ÜRÜNLERDE SÜRDÜRÜLEBİLİRLİK
Bu dönüşümün ikinci stratejik ekseni ise sürdürülebilirlik. Katılımcıların %65’i, sağlık sektöründe sürdürülebilirliğin öncelik olması gerektiği görüşünde. Ürün tercihlerinde sürdürülebilir firma lehine davranan kitle %53. Bu oran, sağlık teknolojisi yatırımlarının sürdürülebilir üretim, çevre dostu malzeme seçimi, geri dönüştürülebilir bileşenler ve karbon ayak izi azaltımını artık bir ESG detayı değil doğrudan “ticari zorunluluk” olarak okuması anlamına geliyor.
VERİ ODAKLI SAĞLIK
İnsanların artık sağlığı yalnızca hastalıkla ilişkilendirmediklerini; sağlıklı kalmayı ve iyi olma halini yaşamlarının merkezine koyduklarını söyleyen Genel Cerrahi Uzmanı Prof. Dr. Murat Aksoy, “Bu noktada dijital sağlık teknolojileri ve yapay zekâ, hekimlerin kısa sürede doğru teşhise ulaşmasını sağlıyor, onlara hastalarına daha fazla zaman ayırma imkânı veriyor. Teknoloji, sağlık hizmetlerini daha verimli, erişilebilir ve insana dokunan bir yapıya dönüştürerek sürdürülebilir bir sağlık anlayışının temelini oluşturuyor” diyor.

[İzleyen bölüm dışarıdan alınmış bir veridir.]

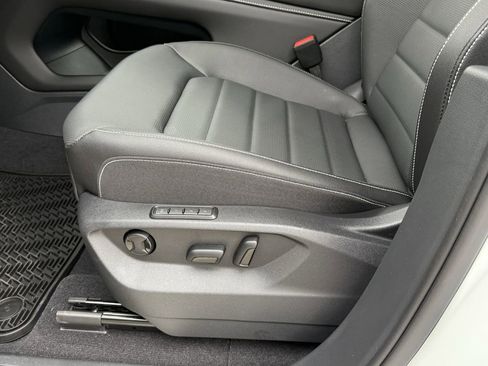 New 2026 Volkswagen Atlas Cross Sport SEL R-Line AWD/4WD image 13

Etkinliğin moderasyonunu üstlenen ve “Yapay Zekâ ile Sağlıklı Gelecek” başlıklı bir sunum gerçekleştiren Teknolojide Kadın Derneği Kurucu Yönetim Kurulu Başkanı Zehra Öney ise, şöyle devam ediyor: “Sağlık artık yalnızca bireyin değil; toplumun ve gezegenin geleceğiyle bağlantılı bir kavram. Güçlü sağlık sistemlerinin temelinde teknoloji yer alıyor. Veri ve yapay zekâ, proaktif sağlık dönemini başlatarak insanların hastalanmadan sağlıklı kalmasını ve yaşam süresini kaliteli biçimde uzatmasını sağlayacak. Bu, veri odaklı sağlık devriminin habercisi.”